Instructions for the task: Once you find the line with "Sweater Alas Lurex Negro" in the entries below, return exactly every line from it through the line with "Thumb up gesture line icon".

Extracted entries:
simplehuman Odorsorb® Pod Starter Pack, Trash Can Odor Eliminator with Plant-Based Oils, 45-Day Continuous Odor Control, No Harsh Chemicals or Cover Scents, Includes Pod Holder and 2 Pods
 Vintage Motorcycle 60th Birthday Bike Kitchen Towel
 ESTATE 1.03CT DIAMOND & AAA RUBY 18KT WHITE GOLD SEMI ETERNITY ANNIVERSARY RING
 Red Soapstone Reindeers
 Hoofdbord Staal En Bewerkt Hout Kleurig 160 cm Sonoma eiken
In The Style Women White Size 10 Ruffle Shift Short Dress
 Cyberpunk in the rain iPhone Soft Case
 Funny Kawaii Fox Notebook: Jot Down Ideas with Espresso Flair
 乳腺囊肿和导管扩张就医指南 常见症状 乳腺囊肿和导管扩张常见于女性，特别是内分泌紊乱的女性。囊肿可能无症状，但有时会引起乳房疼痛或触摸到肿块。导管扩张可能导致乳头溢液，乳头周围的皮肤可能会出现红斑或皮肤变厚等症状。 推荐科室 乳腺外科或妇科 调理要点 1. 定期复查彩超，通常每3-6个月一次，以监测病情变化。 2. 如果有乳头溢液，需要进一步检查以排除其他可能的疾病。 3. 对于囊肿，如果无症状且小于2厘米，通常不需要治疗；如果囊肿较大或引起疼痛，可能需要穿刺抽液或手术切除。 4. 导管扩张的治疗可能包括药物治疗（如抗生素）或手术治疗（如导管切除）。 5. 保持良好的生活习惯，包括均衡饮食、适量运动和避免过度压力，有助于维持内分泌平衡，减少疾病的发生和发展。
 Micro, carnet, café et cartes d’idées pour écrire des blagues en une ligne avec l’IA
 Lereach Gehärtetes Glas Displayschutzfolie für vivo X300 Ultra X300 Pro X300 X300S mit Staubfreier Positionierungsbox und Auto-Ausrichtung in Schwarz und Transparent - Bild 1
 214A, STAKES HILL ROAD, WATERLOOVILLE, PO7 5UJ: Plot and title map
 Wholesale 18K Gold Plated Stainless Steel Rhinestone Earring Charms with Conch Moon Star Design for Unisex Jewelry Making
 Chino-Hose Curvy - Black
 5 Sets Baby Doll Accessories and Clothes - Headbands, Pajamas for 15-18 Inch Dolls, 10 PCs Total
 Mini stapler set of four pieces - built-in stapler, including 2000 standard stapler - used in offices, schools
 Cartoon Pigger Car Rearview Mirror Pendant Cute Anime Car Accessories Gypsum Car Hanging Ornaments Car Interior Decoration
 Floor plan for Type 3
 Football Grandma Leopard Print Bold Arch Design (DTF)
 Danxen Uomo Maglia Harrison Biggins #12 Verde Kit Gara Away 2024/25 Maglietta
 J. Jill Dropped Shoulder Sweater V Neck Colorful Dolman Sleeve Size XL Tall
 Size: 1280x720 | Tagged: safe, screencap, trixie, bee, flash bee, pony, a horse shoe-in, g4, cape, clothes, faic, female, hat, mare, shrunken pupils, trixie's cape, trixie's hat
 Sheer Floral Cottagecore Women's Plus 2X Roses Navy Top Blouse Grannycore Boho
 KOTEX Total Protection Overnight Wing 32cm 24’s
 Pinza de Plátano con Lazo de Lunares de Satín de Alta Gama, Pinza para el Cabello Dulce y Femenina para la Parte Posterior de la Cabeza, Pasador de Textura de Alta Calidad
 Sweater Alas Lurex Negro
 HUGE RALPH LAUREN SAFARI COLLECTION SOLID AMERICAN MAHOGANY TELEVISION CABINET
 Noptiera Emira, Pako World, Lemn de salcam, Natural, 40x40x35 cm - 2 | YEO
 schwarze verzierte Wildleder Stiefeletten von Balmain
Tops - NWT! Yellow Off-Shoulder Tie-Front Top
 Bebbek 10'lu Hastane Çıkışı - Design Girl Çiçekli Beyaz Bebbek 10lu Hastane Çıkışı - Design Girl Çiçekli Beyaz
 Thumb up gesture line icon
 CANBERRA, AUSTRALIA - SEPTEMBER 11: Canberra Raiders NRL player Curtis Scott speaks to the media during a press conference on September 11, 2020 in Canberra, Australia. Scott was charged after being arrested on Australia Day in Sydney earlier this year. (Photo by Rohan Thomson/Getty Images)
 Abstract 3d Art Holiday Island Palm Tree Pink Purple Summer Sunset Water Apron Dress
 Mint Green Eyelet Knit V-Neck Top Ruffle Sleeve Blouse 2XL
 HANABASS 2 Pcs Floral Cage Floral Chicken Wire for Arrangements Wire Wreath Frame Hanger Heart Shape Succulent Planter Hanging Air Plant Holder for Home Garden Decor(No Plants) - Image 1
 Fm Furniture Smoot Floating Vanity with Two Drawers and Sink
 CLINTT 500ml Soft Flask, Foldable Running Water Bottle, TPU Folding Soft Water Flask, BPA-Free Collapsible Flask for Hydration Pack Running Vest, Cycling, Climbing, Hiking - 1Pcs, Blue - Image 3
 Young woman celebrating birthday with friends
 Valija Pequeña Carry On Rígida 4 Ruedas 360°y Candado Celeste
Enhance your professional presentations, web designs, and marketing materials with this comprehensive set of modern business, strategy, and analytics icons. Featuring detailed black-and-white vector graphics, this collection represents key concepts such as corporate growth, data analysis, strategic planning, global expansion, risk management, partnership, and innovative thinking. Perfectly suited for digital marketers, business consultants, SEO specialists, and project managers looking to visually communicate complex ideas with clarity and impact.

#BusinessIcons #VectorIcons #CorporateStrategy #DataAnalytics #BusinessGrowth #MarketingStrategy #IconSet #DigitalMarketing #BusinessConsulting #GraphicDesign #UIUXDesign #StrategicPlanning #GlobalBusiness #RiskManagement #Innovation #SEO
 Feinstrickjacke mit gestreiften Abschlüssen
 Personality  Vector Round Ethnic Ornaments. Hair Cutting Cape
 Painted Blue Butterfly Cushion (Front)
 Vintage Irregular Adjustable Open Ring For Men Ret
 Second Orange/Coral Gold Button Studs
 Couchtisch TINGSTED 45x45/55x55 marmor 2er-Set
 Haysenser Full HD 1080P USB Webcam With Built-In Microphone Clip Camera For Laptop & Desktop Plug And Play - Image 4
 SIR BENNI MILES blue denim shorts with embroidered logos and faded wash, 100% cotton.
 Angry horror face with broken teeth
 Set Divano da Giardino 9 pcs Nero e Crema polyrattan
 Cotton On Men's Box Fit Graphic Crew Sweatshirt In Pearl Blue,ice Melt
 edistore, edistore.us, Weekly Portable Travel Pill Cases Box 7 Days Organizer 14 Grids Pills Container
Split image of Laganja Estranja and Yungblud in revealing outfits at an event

Response:
 Sweater Alas Lurex Negro
 HUGE RALPH LAUREN SAFARI COLLECTION SOLID AMERICAN MAHOGANY TELEVISION CABINET
 Noptiera Emira, Pako World, Lemn de salcam, Natural, 40x40x35 cm - 2 | YEO
 schwarze verzierte Wildleder Stiefeletten von Balmain
Tops - NWT! Yellow Off-Shoulder Tie-Front Top
 Bebbek 10'lu Hastane Çıkışı - Design Girl Çiçekli Beyaz Bebbek 10lu Hastane Çıkışı - Design Girl Çiçekli Beyaz
 Thumb up gesture line icon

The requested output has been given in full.